First, the concept--visualization tools for building apps. Sun is building the VisualVM. We are building a suite of tools we call the Visualization Tools. Cluster Visualization. Snapshot Visualization. Both runtime GUI graphs and snapshots stored in a DB for offline view via GUI graphs. Anyways, let me explain why visualization is important.

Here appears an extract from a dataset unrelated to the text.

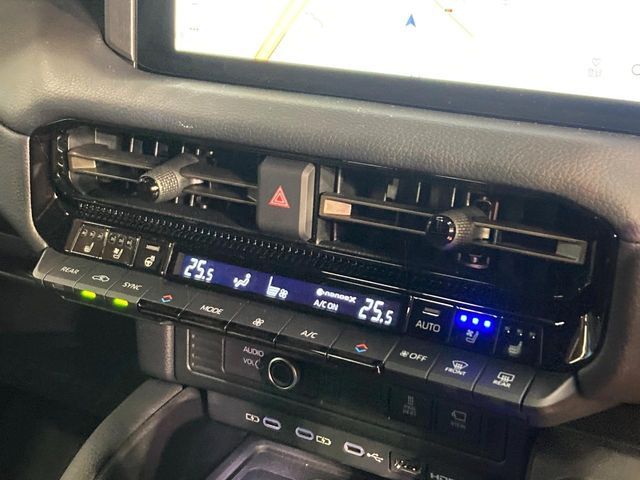 LANDCRUISER 250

Think back to your Calculus 1A class. (You may have been in high school, college, or maybe grade school if you are mathematically inclined :P.) I took lots of math in my life. But some things stick better than others. My favorite example is integrals / integration. I think we all remember that integrals are conceptually defined as "the area under the curve between two points a and b." But, while I remember that and I can still do integration (and even differential equations) I still need to look up the process for integration by parts. Even worse, I never remember the integral of tan (x) dx. Why is this?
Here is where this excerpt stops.